I was wearing black, of course, and my most provocative black felt hat secured against the wind with an antique onyx hatpin, thinking I looked rather smart. Kevin, bald as a billiard ball with his thick round tortoiseshell glasses, was impeccably turned out in a deep charcoal pinstriped suit. He smelled as luscious as he looked. His lavender silk tie was dyed to match his shirt, jacquarded in the tiniest of damask rectangles. If we kept our sunglasses on, which we did, an onlooker might have assumed we were a couple, which we were not. I was his landlady and he was what my grandmother used to call a confirmed bachelor. However, strict definitions aside, we were the dearest of friends.
Finally, the service reached its conclusion and the pallbearers led the casket down the aisle. The bereaved family followed, leaning on each other, choking back tears. Even my heart made a little leap at their sorrow. It was bad enough that Mr. O'Hara died in the first place. Why did his family have to suffer the added indignities brought on by living in New York City? In moments like that I wondered why I had stayed in this God-forsaken place for so long. I shrugged off the question as quickly as I had considered it.
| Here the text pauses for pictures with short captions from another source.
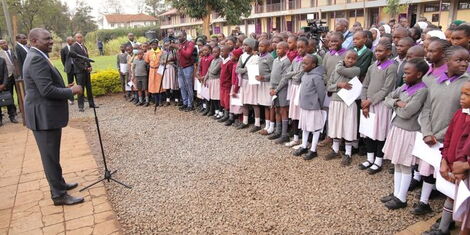 President William Ruto addresses KCPE candidates at Joseph Kang'ethe Primary School in Kibra Constituency on November 29, 2022. 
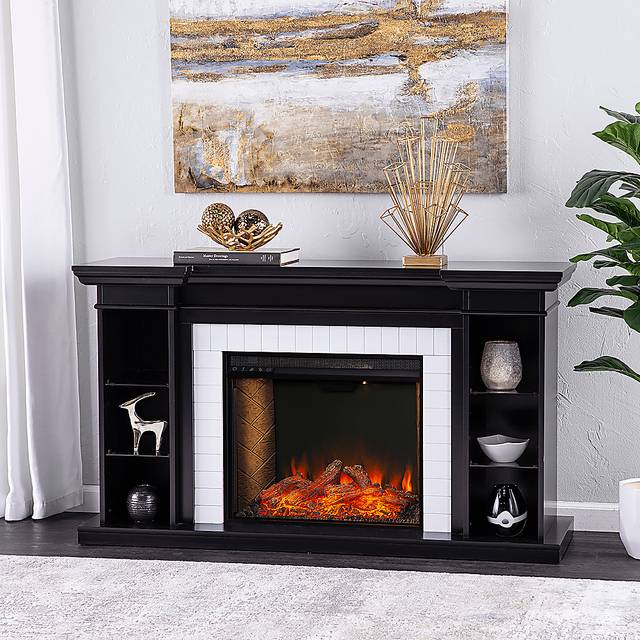 Tessman III Black 54 in. Console, With Smart Electric Fireplace - Thumbnail - Image 2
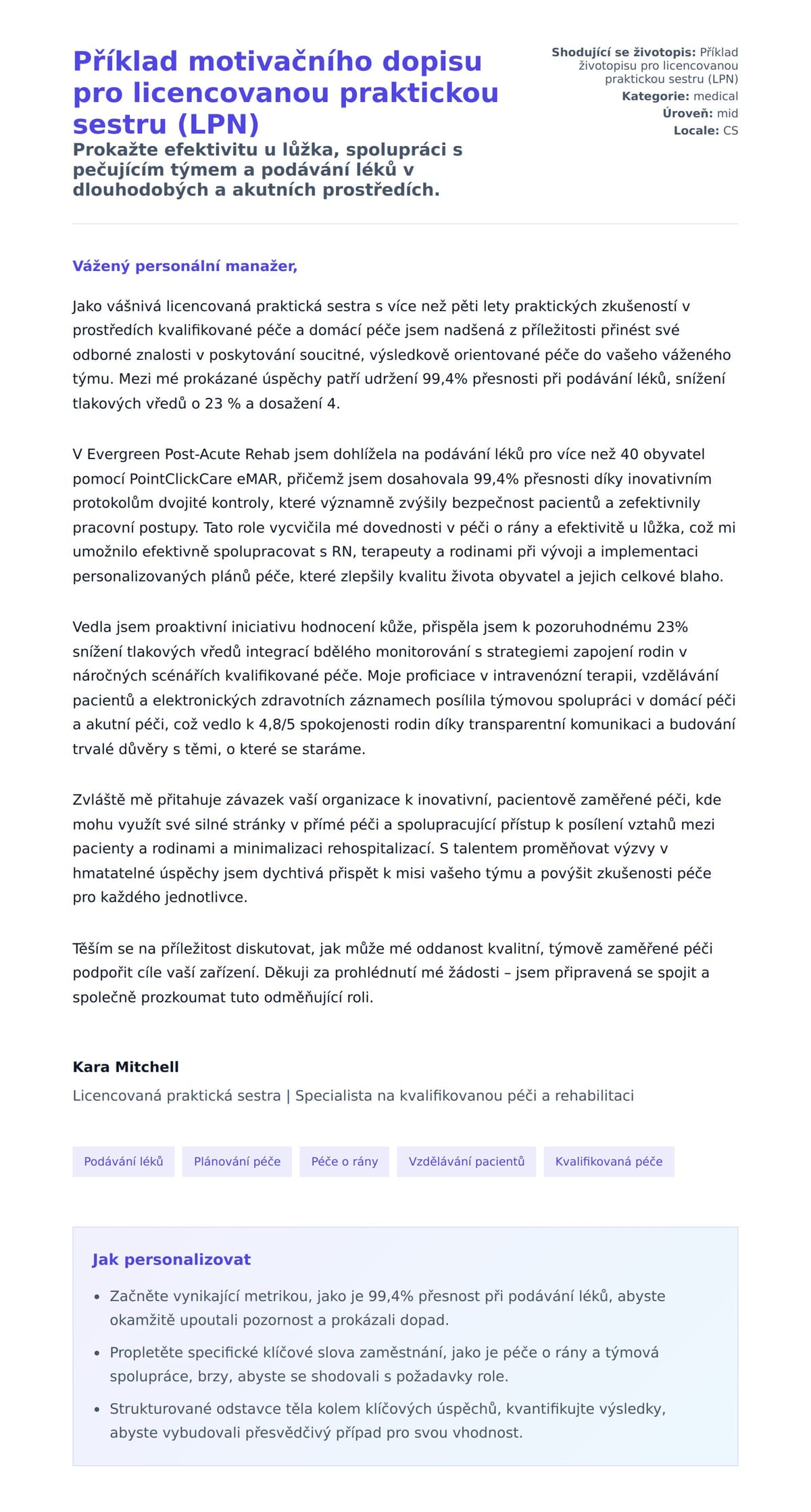 Náhled motivačního dopisu pro Příklad motivačního dopisu pro licencovanou praktickou sestru (LPN)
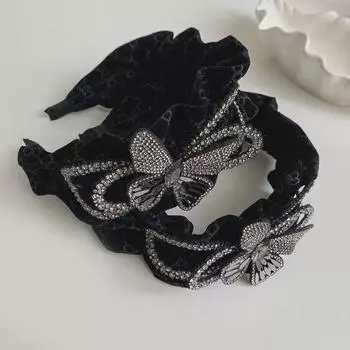 Корейская бархатная повязка на голову с бантом из пайеток: Нескользящий, широкий и универсальный аксессуар для волос чёрный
It was depressing to think about it.
But wasn't depression an eager companion, lurking behind everything including Christmas? Long ago I had sworn off that sorry dark suitor with his cheap wilting flowers and his promises of commiseration. I was far better served with Kevin's company, a stiff cocktail and a conversation with Harry, my bird who was so much more than a bird.
As we stepped out into January's afternoon light, countless tiny snowflakes swirled all around us. The steps of the church were partially covered in thin patches of white.
"Snow day," Kevin said dryly.
"You're not going back to the office?"
"Please," he said. "I need a Bloody. Don't you? Funerals completely bum me out."
I nodded in agreement.
"Take my arm so you don't slip. P.J. Clarke's is right around the corner."